■ **Exercise**
Restate word for word the entries below, starting at the line with "سشوار حرفه ای انزو استیل مدل 8228 اورجینال" and ending at the line with "Freud - Rotary". Keep both end lines and omit the pictures.

■ **Source material**
--------------------

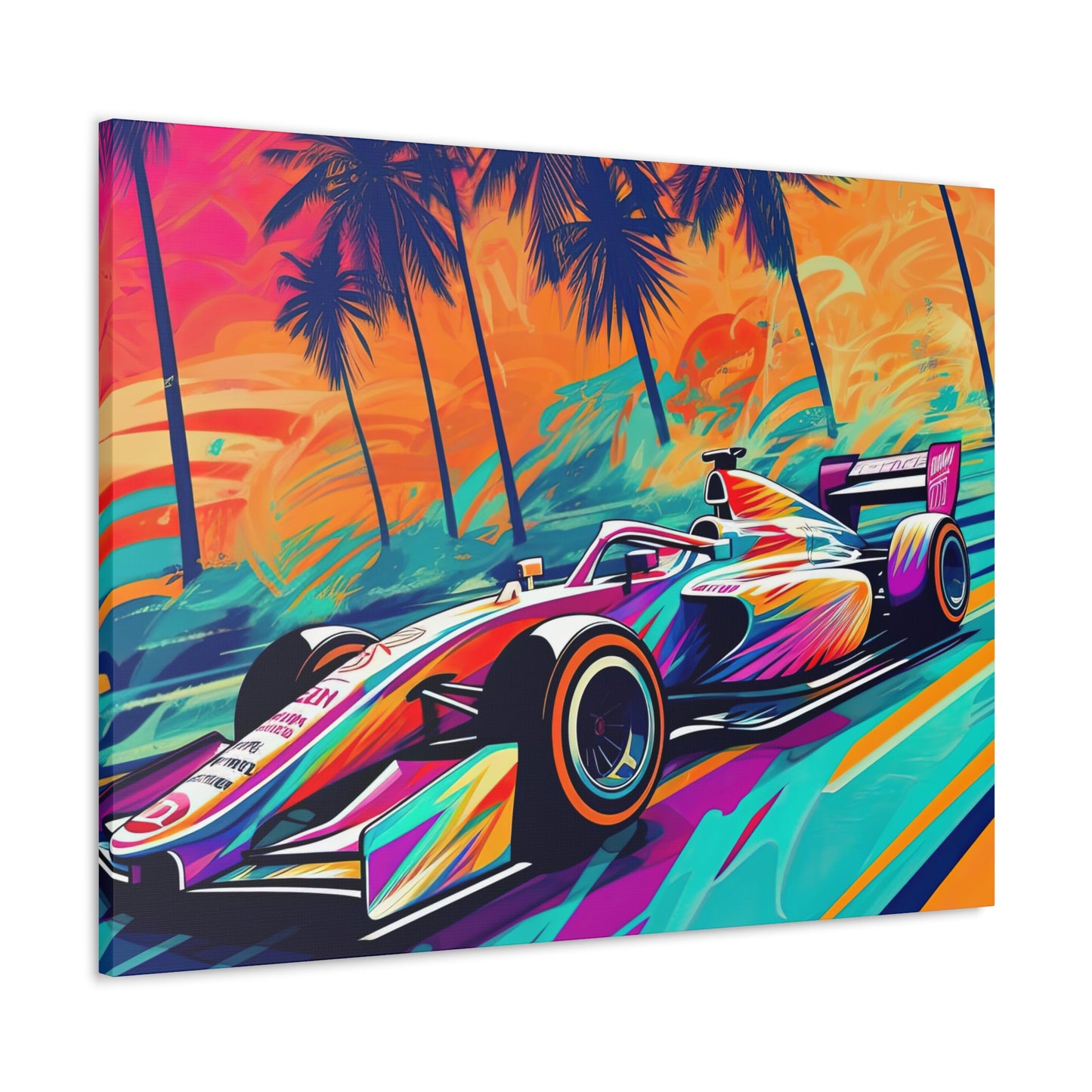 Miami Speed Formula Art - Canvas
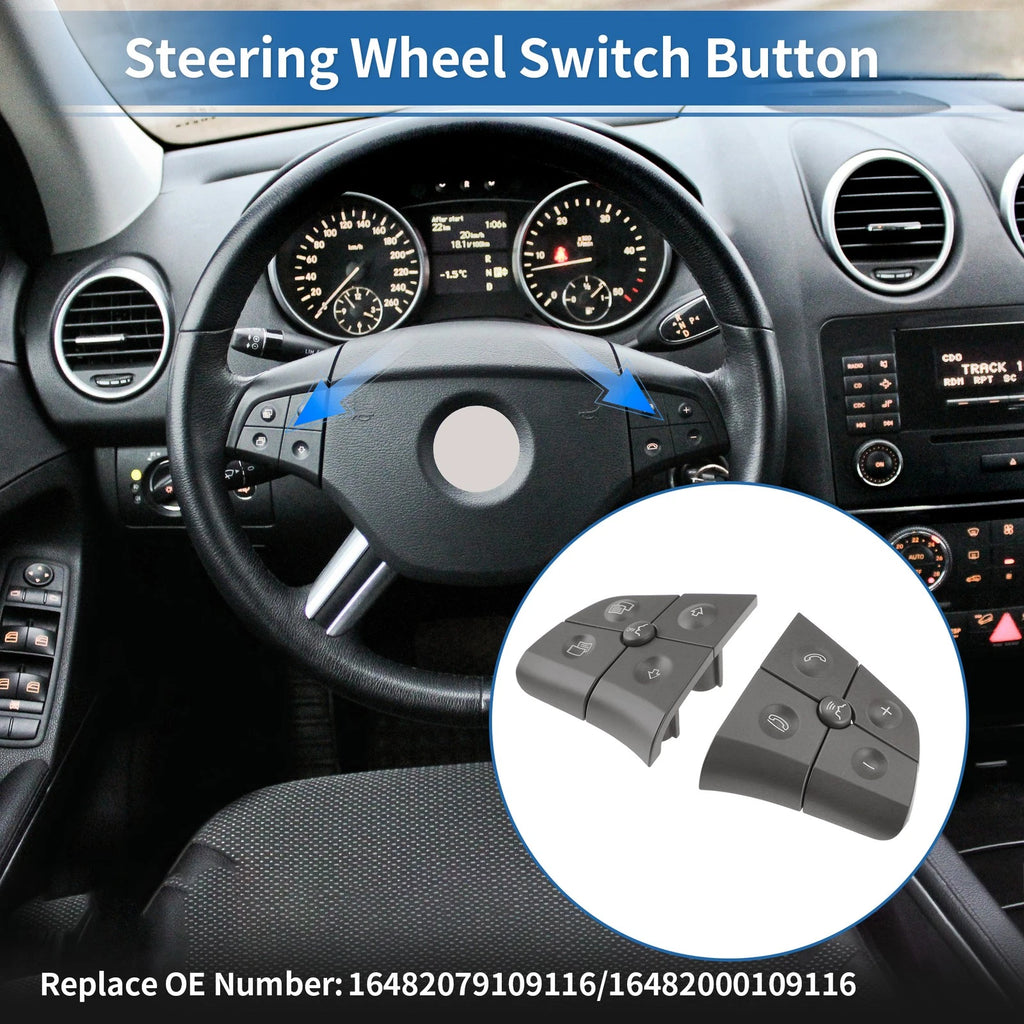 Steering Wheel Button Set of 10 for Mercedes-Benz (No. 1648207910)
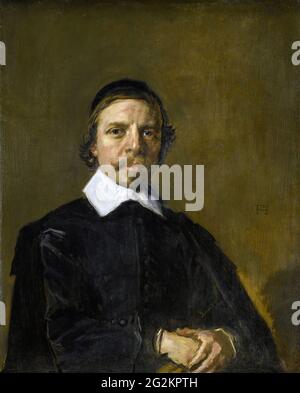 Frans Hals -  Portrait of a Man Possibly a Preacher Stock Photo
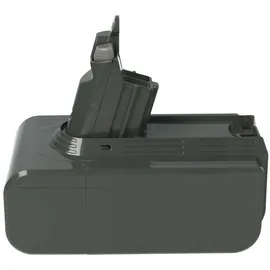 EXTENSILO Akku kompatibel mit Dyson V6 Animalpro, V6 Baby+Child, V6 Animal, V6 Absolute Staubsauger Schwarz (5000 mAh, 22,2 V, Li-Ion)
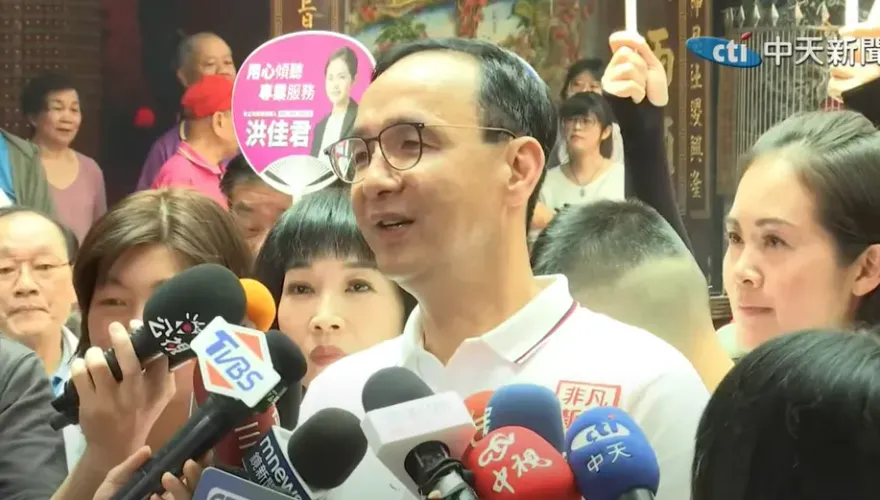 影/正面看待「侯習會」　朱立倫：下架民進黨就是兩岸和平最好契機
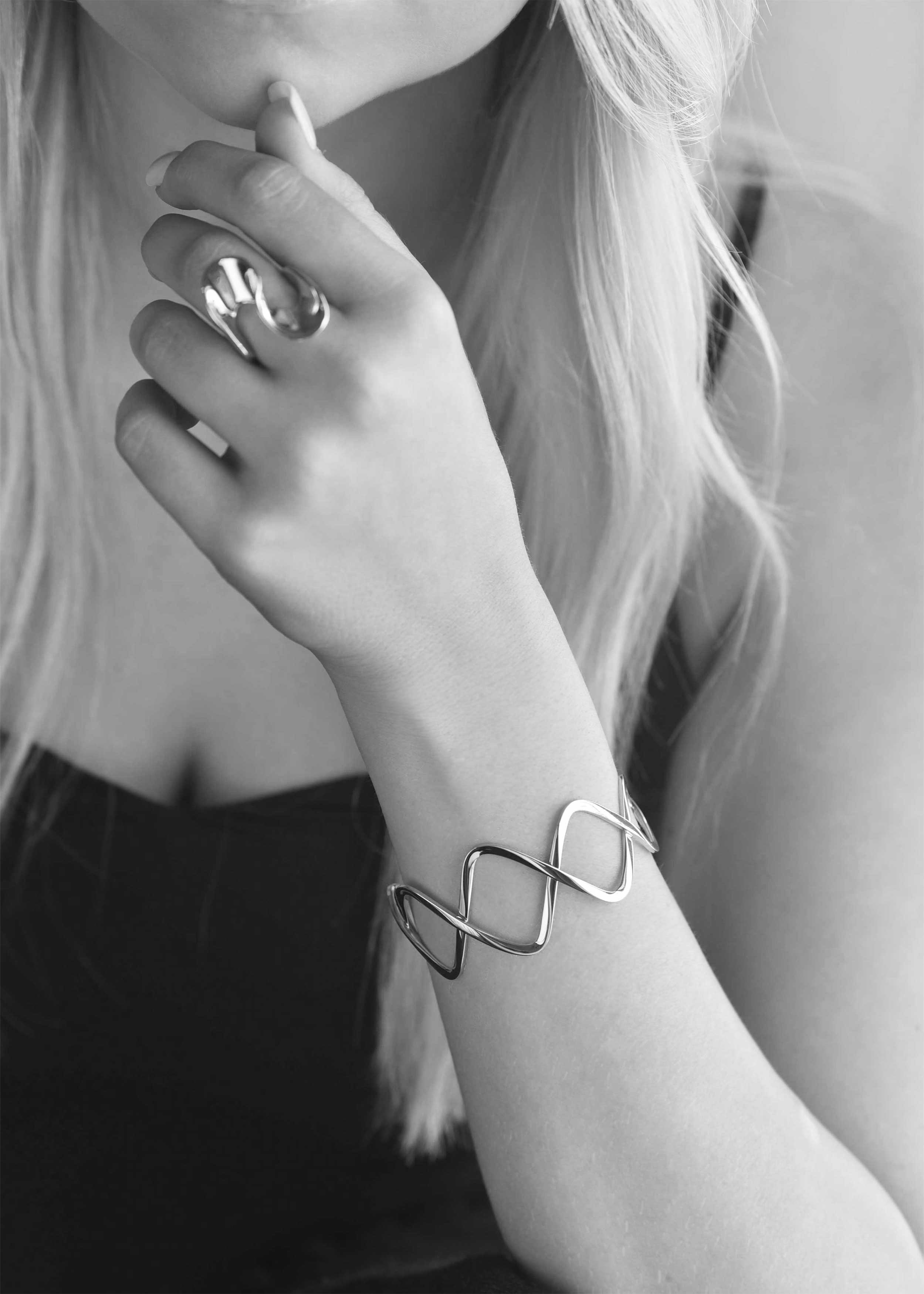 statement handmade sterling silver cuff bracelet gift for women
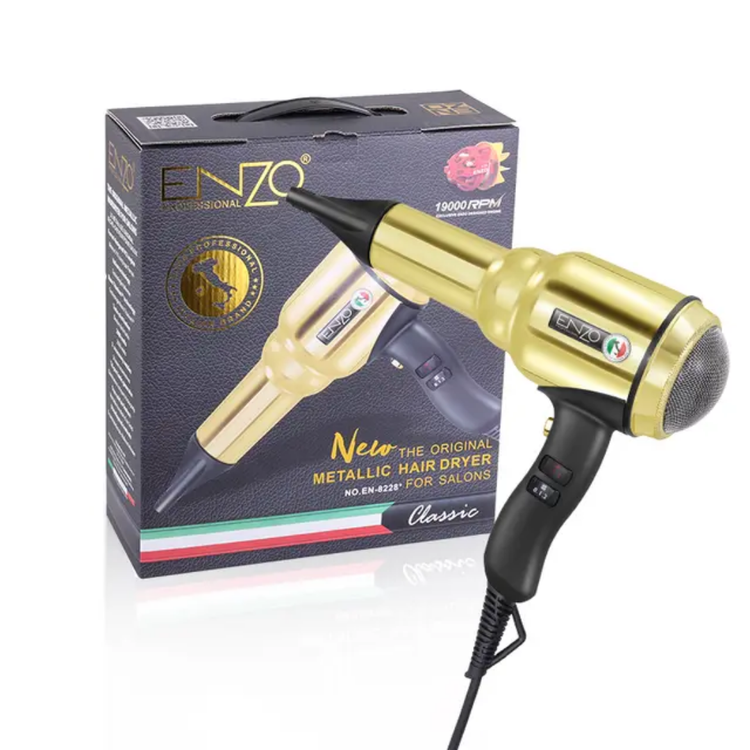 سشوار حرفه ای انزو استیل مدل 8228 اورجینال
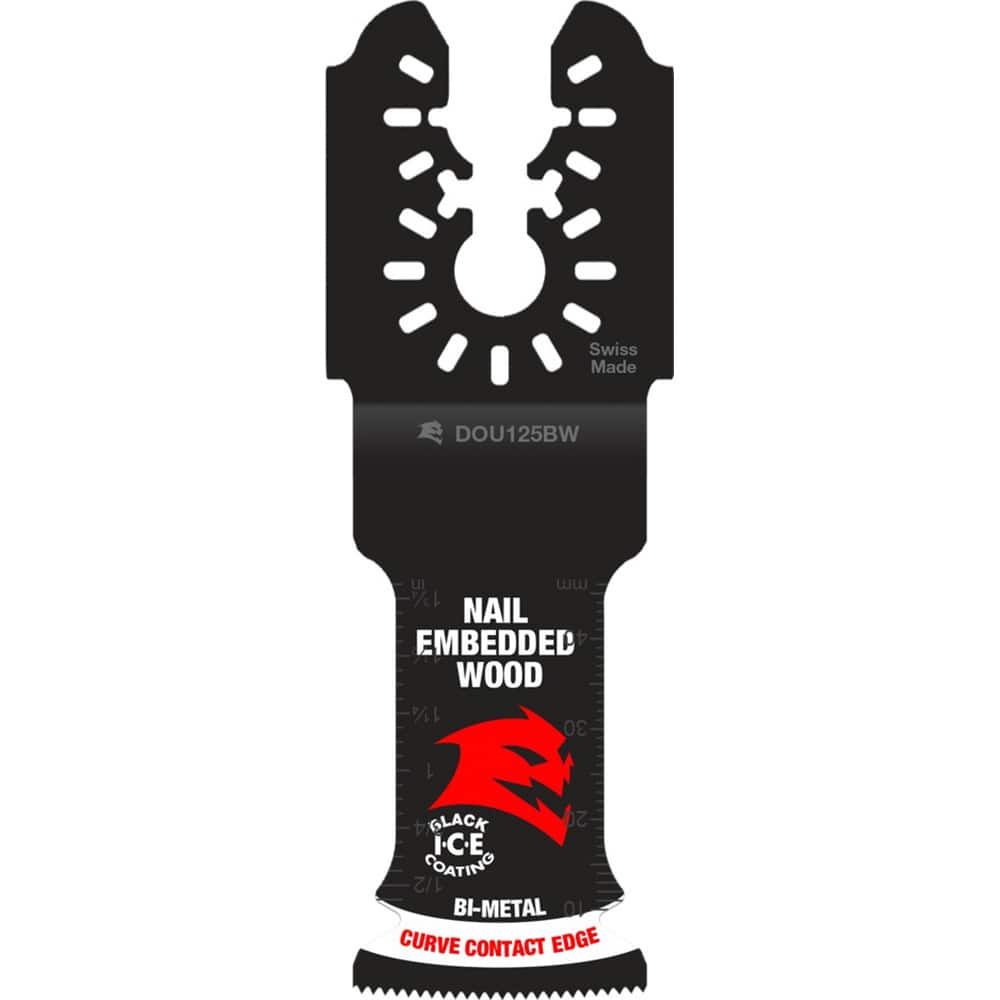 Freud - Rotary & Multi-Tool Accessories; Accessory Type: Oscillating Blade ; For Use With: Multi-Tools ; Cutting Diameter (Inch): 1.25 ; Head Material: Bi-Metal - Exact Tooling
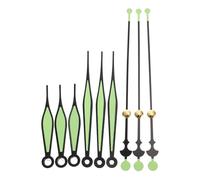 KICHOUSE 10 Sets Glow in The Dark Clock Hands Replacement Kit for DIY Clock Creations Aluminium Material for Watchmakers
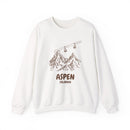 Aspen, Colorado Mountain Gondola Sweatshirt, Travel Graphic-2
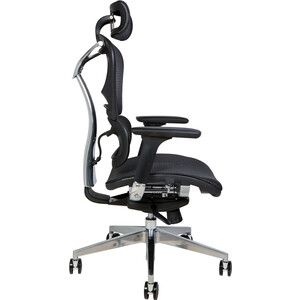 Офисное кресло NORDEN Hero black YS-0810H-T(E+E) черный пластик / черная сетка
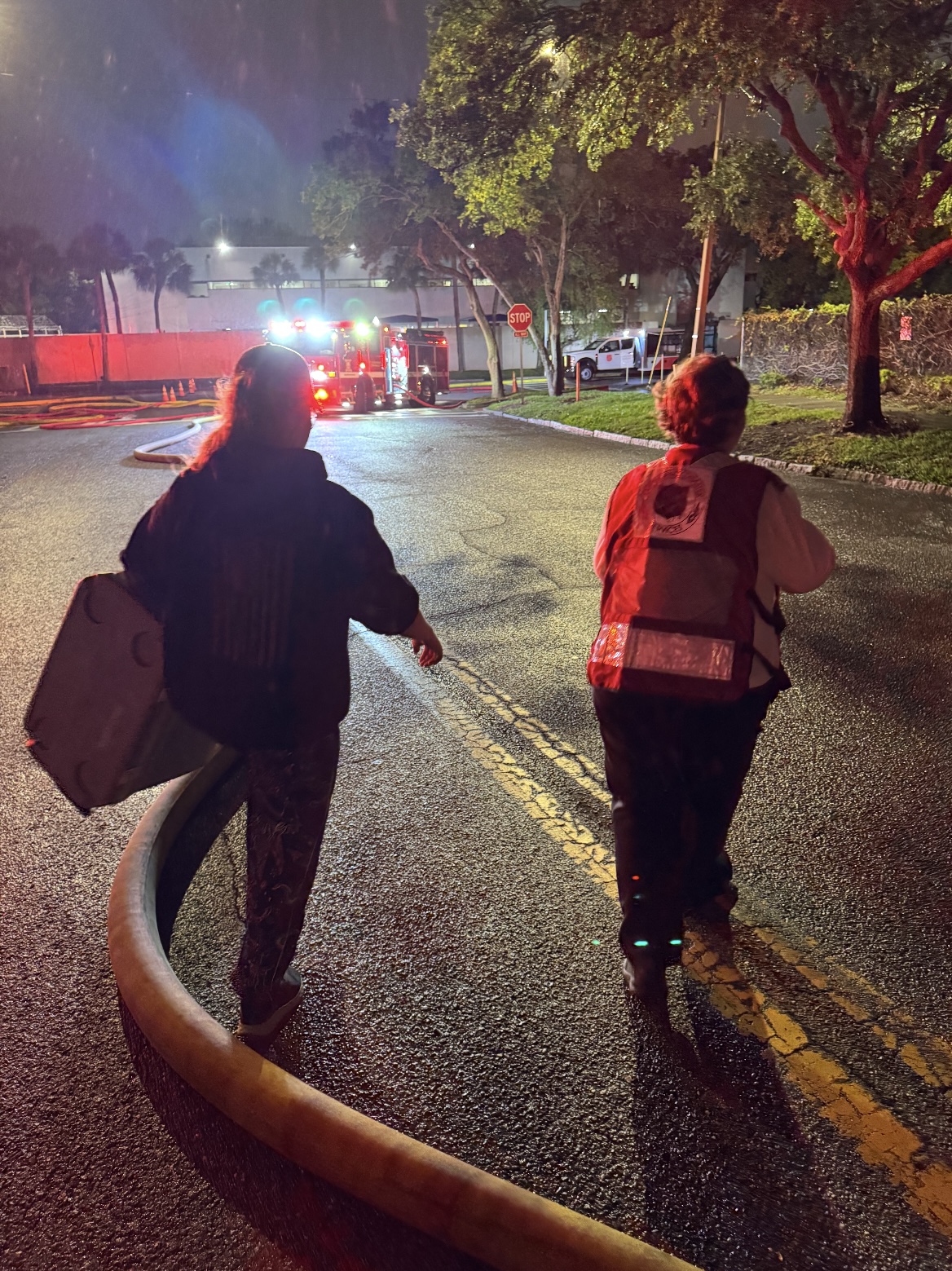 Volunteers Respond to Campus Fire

--------------------

■ **Solution below**
 سشوار حرفه ای انزو استیل مدل 8228 اورجینال
 Freud - Rotary & Multi-Tool Accessories; Accessory Type: Oscillating Blade ; For Use With: Multi-Tools ; Cutting Diameter (Inch): 1.25 ; Head Material: Bi-Metal - Exact Tooling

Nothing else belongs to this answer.